We trained the following 11 different contemporary architectures of deep learning neural networks on the obtained datasets: ResNet34. ResNet50, ResNet101, VIT-base-patch16-224, VIT-base-patch16-384, DeIT-base-patch16-224, DenseNet161, DenseNet201, VGG19, Inception, Xception. Our goal was to formulate the best approach to train these networks on an initially unbalanced dataset.

ResNet (Residual Neural Network) models are the most popular models in computer vision. ResNet is a deep learning model in which the weight layers learn residual functions with reference to the layer inputs. The fundamental difference between ResNet and classical convolutional neural networks is shortcut connections. Thanks to them, ResNet can contain a lot of layers while bypassing the vanishing gradient problem, which helps to catch more features from input images.

Visual image transformer (VIT) and Data efficient image transformer (DeIT) are the newest architecture in computer vision at this moment. They are based on transformer architecture, which was created for natural language processing tasks. The main idea of these architectures is to use not pixels as layers, but fixed-size image pieces called tokens (or patches). These tokens processing like texts tokens on NLP, using attention layers for getting image embeddings. DeiT can be considered as VIT model with an additional distillation token.

DenseNet is modified ResNet. DenseNet establishes a dense connection between all the front and back layers. Another important feature of DenseNet is the implementation of feature reuse via feature bonding on a channel. These features allow DenseNet to achieve higher performance than ResNet with fewer parameters and computational overhead.

VGG architecture is one of the first convolution neural networks models. Its main idea is to learn by parts. This is achieved by adding new layers to the old frozen layers and training model.

The ideas behind Inception were first created by Google in their GoogLeNet model. This model was based on inception blocks, which parallel apply on previous layer different convolution filters and then concatenate results. The authors of Inception changed the kernel size and number of convolutional filters, which made it possible to reduce the number of blocks and size of model.

Xception is an upgrade of Inception based on xception blocks. Unlike the inception block, it applies a 1x1 convolution to the previous layer, splits it into channels, and applies its own convolution filter with the same kernel size to each. This mechanism allows the network to be even more compact and give better results.

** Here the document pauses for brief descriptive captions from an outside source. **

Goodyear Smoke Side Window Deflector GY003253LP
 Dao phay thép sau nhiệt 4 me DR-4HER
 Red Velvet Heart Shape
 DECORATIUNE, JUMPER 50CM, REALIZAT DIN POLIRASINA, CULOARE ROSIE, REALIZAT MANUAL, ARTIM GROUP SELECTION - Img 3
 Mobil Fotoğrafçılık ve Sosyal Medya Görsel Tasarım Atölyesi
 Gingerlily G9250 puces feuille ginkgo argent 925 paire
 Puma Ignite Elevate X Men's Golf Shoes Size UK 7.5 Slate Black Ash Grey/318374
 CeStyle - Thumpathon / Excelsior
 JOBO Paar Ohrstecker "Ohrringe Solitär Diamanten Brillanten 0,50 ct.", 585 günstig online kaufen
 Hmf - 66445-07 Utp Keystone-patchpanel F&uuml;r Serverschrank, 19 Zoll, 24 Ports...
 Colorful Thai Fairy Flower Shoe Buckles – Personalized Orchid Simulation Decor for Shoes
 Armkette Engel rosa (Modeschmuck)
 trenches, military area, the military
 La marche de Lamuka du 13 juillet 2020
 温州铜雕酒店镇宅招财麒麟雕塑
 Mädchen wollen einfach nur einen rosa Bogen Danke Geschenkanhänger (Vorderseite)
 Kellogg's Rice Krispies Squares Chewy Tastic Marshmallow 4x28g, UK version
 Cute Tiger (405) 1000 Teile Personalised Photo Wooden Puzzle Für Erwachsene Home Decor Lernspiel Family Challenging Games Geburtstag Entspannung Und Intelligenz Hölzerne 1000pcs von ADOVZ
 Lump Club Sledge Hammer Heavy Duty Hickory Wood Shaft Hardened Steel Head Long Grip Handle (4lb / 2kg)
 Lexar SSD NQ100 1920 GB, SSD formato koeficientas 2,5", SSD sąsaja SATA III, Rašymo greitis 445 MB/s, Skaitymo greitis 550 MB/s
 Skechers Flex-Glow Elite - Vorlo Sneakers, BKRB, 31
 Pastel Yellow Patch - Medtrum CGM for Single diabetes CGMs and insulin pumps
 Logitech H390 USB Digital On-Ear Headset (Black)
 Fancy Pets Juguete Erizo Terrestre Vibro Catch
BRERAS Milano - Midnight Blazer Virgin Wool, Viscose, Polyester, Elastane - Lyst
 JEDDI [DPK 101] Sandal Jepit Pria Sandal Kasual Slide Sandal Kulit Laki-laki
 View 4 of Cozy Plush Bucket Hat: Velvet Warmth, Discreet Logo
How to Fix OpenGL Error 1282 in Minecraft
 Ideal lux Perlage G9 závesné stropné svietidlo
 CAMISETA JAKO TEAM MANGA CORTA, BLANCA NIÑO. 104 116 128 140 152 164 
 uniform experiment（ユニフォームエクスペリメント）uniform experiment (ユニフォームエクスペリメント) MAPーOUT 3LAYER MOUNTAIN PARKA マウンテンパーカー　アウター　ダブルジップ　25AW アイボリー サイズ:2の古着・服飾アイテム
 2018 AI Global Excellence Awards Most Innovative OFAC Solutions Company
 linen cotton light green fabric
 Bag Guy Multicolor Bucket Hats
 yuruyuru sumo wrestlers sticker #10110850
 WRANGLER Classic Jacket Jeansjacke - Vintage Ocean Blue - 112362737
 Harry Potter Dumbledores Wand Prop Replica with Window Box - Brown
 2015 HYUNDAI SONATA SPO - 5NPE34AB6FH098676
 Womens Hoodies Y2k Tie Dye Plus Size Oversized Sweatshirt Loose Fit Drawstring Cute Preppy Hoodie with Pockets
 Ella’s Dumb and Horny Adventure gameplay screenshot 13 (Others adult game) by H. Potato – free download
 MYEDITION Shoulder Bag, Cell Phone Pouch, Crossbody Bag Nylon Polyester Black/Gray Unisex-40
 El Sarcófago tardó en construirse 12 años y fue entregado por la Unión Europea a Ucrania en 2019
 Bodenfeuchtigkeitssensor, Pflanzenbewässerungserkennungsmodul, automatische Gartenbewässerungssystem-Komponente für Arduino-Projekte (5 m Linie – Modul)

The training parameters for all models are shown in Table 4. The rest parameters had default values.

2.3. Metrics

The following metrics were used for the evaluation of the quality of classification models for the imbalanced dataset:

$A c c u r a c y = \frac{C o r r e c t c l a s s i f i c a t i o n}{A l l c l a s s i f i c a t i o n}$
$P r e c i s i o n = \frac{T r u e P o s i t i v e}{T r u e P o s i t i v e + F a l s e P o s i t i v e}$
$R e c a l l = \frac{T r u e P o s i t i v e}{T r u e P o s i t i v e + F a l s e N e g a t i v e}$
$F 1 = \frac{2 P r e c i s i o n R e c a l l}{P r e c i s i o n + R e c a l l}$
$T P R = \frac{T r u e P o s i t i v e}{T r u e P o s i t i v e + F a l s e N e g a t i v e}; T N R = \frac{T r u e N e g a t i v e}{F a l s e P o s i t i v e + T r u e N e g a t i v e}$
$F N R = \frac{F a l s e N e g a t i v e}{T r u e P o s i t i v e + F a l s e N e g a t i v e}; F P R = \frac{F a l s e P o s i t i v e}{F a l s e P o s i t i v e + T r u e N e g a t i v e}$

where TruePositive—the number of images which were classified correctly; FalseNegative—the number of images that should have been assigned to this class but were not; FalsePositive—the number of images that were erroneously assigned to this class; TrueNegative—the number of images correctly marked as not being in this class.

Obviously,

T P R + F N R = 1

and

T N R + F P R = 1

Note, that the accuracy could be misleading for imbalanced datasets. But since we formed balanced datasets, we can use this metric for the quality evaluation.

3. Results

The metrics obtained for the considered neural networks on the generated datasets are shown in Table 5, Table 6, Table 7, Table 8, Table 9, Table 10, Table 11, Table 12, Table 13, Table 14 and Table 15.

4. Discussion

As can be seen in Table 5 Table 6 Table 7 Table 8 Table 9 Table 10 Table 11 Table 12 Table 13 Table 14 and Table 5, training on an unbalanced dataset leads to the fact that the model can poorly see the small classes, or not see at all. ResNet models are very sensitive to class imbalance. So, the ResNet34 model does not see the C5 class at all when training on the initial dataset (TPR = 0.00), but TPR≈0.46 after training on small datasets (small_ds_1, small_ds_2, small_ds_3 and aug_ds). For ResNet50, we can see an increase of TPR for class C5 from 0.29 (initial ds) to ≈0.58(small ds) and 0.60 (aug_ds). For the C6 class, the TPR increases from 0.56 (initial ds) to 0.77 (aug_ds). TPR for class C5 for ResNet101 increases from 0.15 (initial ds) to 0.67(aug_ds).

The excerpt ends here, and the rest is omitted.